The Fontaine du Puits de Grenelle is a fountain on Place Georges-Mulot in the 15th arrondissement of Paris, France, built in 1906.

==History==
This fountain was built on the site of the first artesian borehole in Paris carried out from 1833 to 1841. At this site, the Grenelle slaughterhouses were located at the time. The engineer Louis-Georges Mulot directed the work, helped by François Arago, his name was given to the place where the fountain is located. Water was found at 548 meters. The catchment, conveyed in an underground pipe, sprang from a monumental metal tower 42 meters high, built in 1858 on the Place de Breteuil, a few hundred meters away. It was destroyed in 1903.

==Description==
The fountain is in the form of a monumental block of cut stone in a square section framed by columns. On each of its faces are affixed stone medallions representing figures whose name is honored by the streets that converge in the surrounding part of the 15th district.

==Bibliography==
- Marie-Hélène Levadé (photogr.

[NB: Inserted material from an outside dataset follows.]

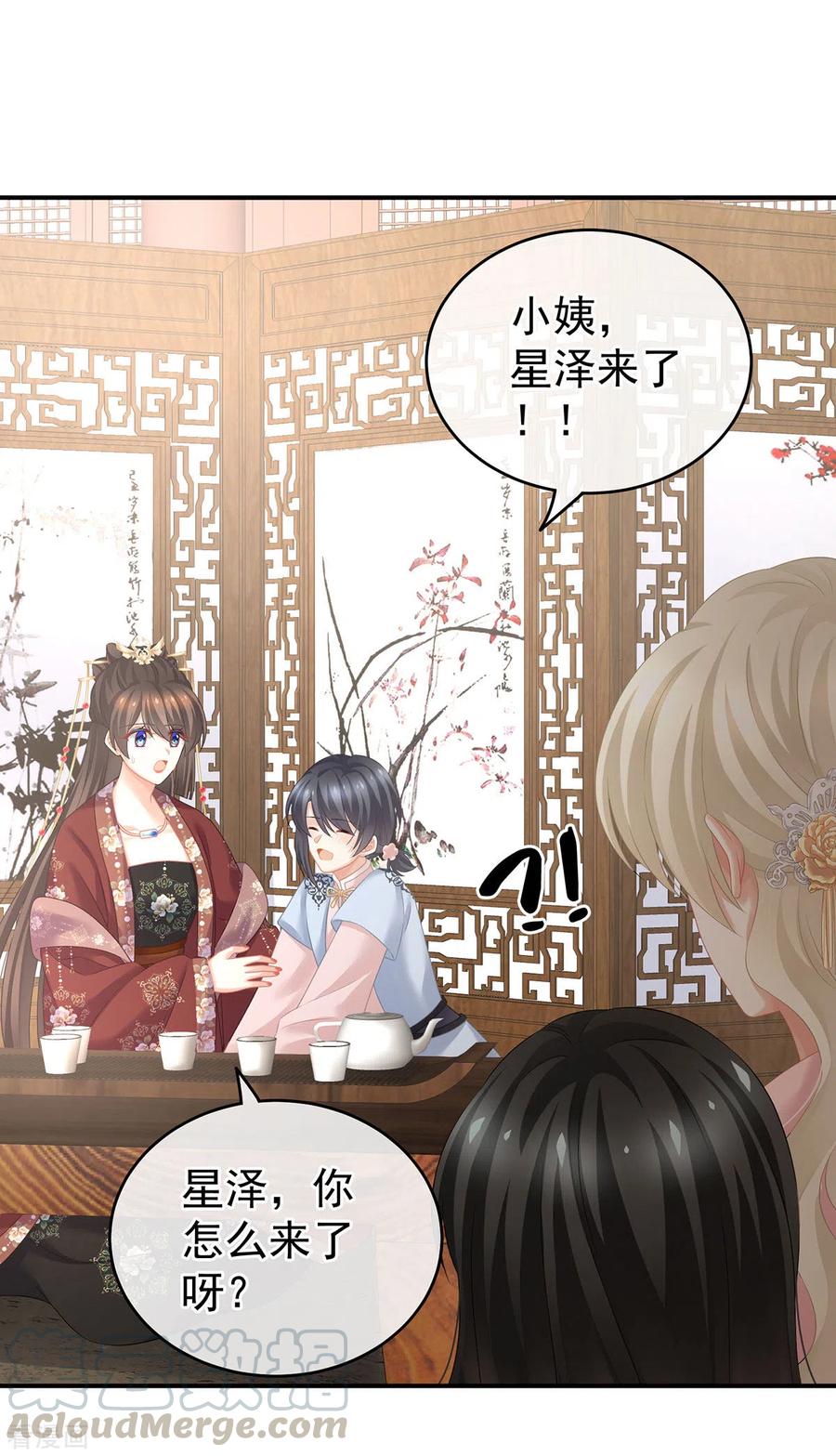 女帝的后宫204话 姐夫别看了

Hughes Marcouyeau), Les Fontaines de Paris : L'eau pour le plaisir, Paris et Bruxelles, Éditions Chapitre Douze, 2006, 592 p. (ISBN 978-2-915345-05-6).
- Dominique Massounie (dir.), Pauline Prévost-Marcilhacy (dir.) et Daniel Rabreau (dir.), Paris et ses fontaines : De la Renaissance à nos jours, Paris, Délégation à l'action artistique de la ville de Paris, coll. « Paris et son patrimoine », 1995, 318 p. (ISBN 2-905-118-80-6).